■ Provided records:
----
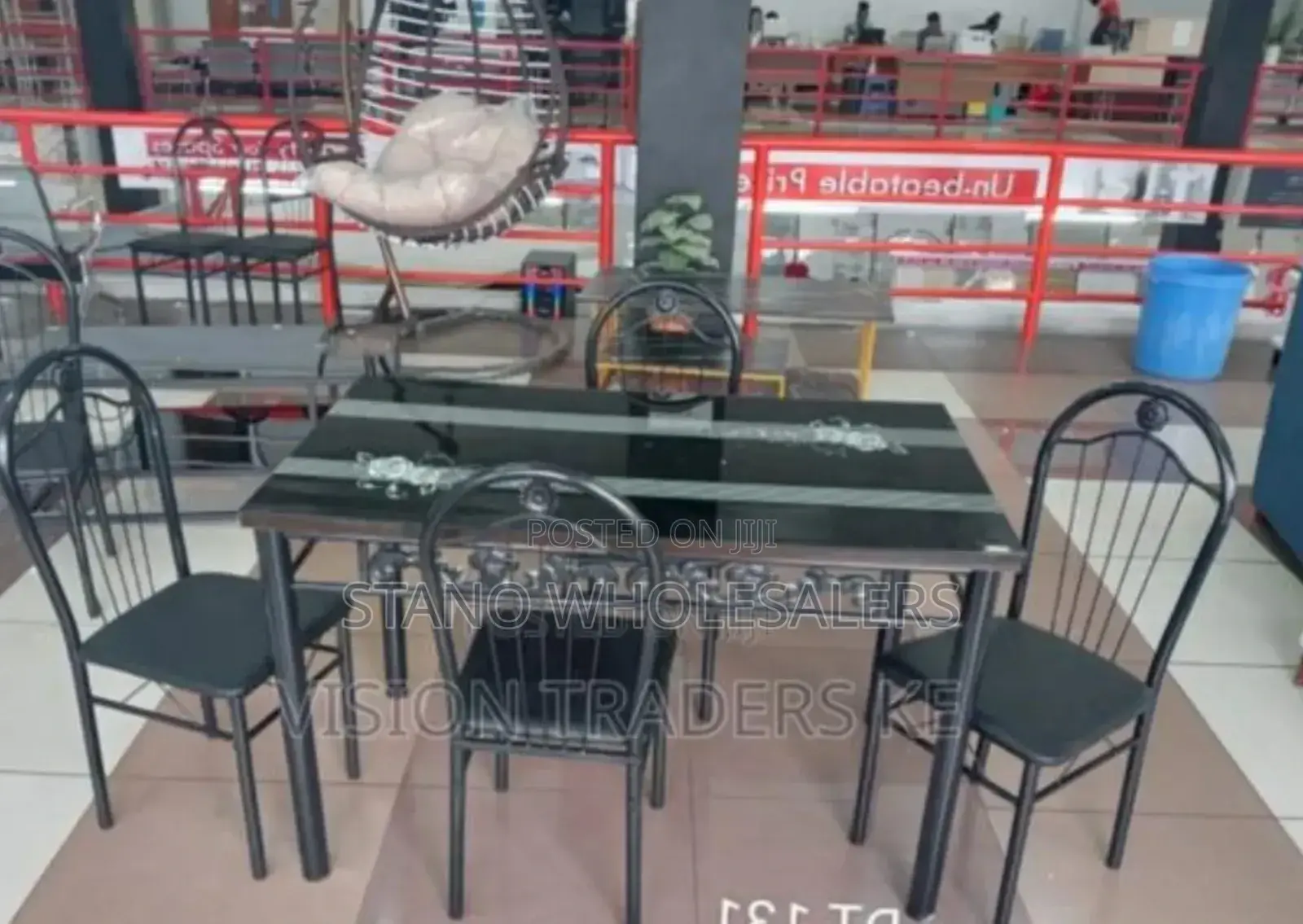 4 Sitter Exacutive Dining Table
----
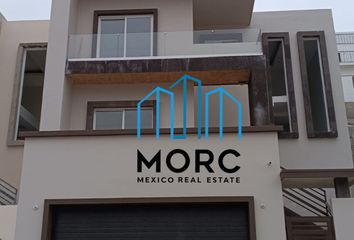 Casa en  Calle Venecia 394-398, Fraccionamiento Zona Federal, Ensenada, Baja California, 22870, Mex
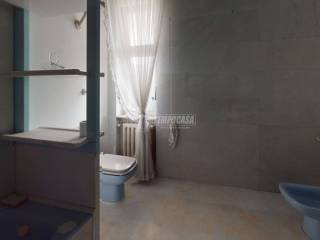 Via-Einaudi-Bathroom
----
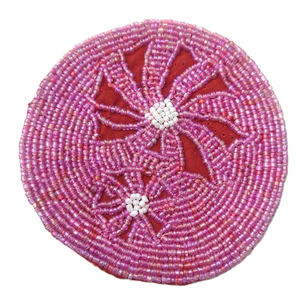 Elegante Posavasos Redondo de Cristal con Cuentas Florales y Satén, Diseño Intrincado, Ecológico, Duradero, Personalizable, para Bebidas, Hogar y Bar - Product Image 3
----
■ Task prompt:
Everything above from the line with "California, 22870, Mex" through the line with "Via-Einaudi-Bathroom" should be retyped exactly, and nothing else; omit pictures.

■ Response area:
 Casa en  Calle Venecia 394-398, Fraccionamiento Zona Federal, Ensenada, Baja California, 22870, Mex
 Via-Einaudi-Bathroom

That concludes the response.